Haroun lay on the ground. A bullet had pierced her skull behind one ear. Her blood splattered Samar. Another bullet drilled into the Arabic-English dictionary.
A military autopsy confirmed what Haroun's friends and husband already knew: She was seven months pregnant. Her unborn child died with her.
In a statement, Egypt's Foreign Ministry upheld its policy of lethal force against the Darfur refugees. "If those crossing refuse to heed the order of authorities to stop, then authorities are forced to deal with them in such a manner to ensure respect for the law."
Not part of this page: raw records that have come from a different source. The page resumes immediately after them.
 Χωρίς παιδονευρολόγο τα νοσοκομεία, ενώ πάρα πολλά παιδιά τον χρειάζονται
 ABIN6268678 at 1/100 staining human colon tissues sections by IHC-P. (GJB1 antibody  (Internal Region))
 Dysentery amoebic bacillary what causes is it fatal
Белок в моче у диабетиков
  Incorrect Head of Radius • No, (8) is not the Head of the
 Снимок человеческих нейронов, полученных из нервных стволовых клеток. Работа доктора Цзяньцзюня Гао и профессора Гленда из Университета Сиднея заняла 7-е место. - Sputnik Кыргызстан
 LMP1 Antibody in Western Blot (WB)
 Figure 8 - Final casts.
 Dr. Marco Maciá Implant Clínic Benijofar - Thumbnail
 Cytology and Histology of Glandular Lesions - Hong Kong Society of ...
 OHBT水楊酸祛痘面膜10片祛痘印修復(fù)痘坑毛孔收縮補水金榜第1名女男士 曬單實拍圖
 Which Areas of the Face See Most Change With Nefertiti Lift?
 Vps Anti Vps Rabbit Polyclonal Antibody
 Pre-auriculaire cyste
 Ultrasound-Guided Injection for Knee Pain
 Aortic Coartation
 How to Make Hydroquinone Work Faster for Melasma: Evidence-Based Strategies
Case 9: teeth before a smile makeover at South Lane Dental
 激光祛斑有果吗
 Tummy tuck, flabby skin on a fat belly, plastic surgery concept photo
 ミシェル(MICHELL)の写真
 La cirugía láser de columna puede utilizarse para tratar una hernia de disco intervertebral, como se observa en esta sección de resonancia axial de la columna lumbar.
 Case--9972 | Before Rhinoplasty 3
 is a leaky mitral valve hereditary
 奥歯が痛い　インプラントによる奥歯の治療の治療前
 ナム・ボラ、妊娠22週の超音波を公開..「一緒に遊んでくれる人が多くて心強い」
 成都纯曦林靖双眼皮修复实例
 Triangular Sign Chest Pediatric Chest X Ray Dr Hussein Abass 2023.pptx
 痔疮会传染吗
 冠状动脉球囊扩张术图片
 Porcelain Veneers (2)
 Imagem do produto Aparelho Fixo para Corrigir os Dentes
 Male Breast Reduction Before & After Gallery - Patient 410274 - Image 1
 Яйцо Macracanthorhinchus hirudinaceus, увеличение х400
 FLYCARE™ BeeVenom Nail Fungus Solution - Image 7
Late last month, the young Egyptian commander at the Rafah crossing, Col. Amr Mamdouh, gave a different account of the shooting. Haroun and her family had been running for the border, he told The Washington Post and other news agencies. Egyptian border guards shouted "three or four times" to stop, he said. "But they refused. So in this case we had to fire shots, warning shots, in the air."
"In the dark we cannot see the women from the men. And all of them are black," Mamdouh said, shrugging.
Back in Cairo, Haroun's friends mourned her death. For survivors of war and genocide, "it should have gotten better. We should have moved from worse to better," said one friend, Resala Yehia.
"It never got better," Yehia said. "It's just moving to another death."